- be going to
Be going to
( + ) Subject + am/is/are + going to + V1 + C
I am going to study hard.
( – ) Subject + am/is/are + not + going to + V1 + C
I am not going to study hard.
She is not going to write a short story.
( ? ) am/is/are + Subject + going to + V1 + C + ?
Are you going to study hard?
Is she going to write a short story?
We’re going to buy a new car next month.
He’s not going to go to the dance. He’s got too much work.
I’m not going to watch TV until my science project is finished.
Are you going to play basketball after school?
What are you going to have for lunch today?
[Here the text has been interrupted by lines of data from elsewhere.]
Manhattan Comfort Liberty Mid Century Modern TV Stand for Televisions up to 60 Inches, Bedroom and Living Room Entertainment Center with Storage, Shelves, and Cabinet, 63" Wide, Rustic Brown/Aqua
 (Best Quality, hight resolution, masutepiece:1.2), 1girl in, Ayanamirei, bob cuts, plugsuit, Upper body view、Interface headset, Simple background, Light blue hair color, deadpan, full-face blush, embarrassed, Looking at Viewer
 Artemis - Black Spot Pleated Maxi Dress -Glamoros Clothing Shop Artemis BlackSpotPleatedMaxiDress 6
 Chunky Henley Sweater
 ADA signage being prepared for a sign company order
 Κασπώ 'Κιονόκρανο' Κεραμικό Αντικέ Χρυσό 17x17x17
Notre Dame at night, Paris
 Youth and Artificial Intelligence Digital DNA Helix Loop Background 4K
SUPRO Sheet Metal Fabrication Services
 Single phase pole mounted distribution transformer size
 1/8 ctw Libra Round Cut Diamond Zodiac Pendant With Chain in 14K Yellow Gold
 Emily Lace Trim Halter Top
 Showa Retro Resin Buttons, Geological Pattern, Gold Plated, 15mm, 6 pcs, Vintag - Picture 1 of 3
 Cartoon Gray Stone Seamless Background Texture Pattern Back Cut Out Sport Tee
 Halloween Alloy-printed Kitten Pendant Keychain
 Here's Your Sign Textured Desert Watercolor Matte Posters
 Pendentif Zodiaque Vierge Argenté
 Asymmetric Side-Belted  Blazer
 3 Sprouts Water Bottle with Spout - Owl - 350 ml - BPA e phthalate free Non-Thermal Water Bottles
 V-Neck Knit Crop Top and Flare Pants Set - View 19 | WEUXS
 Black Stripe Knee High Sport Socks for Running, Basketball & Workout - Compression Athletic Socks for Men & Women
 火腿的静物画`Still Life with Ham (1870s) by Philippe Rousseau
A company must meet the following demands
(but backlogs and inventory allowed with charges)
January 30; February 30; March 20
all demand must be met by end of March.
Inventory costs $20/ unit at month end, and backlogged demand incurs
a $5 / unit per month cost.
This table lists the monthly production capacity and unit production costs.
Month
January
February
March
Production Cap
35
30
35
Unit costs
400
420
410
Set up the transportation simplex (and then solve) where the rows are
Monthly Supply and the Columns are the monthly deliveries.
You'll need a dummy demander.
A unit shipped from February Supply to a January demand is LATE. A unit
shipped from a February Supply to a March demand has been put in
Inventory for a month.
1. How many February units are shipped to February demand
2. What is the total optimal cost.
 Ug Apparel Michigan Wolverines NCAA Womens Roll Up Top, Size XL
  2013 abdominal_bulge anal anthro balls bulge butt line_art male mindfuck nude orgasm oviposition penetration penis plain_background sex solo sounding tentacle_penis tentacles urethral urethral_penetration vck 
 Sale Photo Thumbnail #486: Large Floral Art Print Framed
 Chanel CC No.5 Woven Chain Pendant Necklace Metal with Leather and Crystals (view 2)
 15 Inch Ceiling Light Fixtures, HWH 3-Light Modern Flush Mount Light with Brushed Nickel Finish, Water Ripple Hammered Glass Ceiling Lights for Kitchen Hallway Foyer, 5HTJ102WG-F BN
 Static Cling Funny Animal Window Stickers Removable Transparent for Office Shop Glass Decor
The expression “be going to” is also used when we want to make a prediction based on evidence we can see now.
Look out! That cup is going to fall off.
Look at those black clouds. It’s going to rain soon.
( + ) Subject + will + V1 + C
They will come here.
You will be 17 years old next year.
( - ) Subject + will + not + V1 + C
They will not come here.
You will not be 17 years old next year.
( ? ) will + Subject + V1 + C + ?
Will they will come here?
Will you will be 17 years old next year?
The sun will rise over there tomorrow morning.
Next year, I’ll be 50 years.
I will help you If you help me.
Often we add ‘perhaps’, ‘maybe’, ‘probably’, ‘possibly’ to make the belief less certain.
I’ll probably come back later.
He’ll possibly find out when he sees Jenny.
Maybe it will be OK.
Perhaps we’ll meet again someday.
We often use ‘will’ with ‘I think’ or ‘I hope’.
I think I’ll go to bed now.
I think she’ll do well in the job.
I hope you’ll enjoy your stay.
I hope you won’t make too much noise.
That’s all about Future Tense. Hopefully it is useful.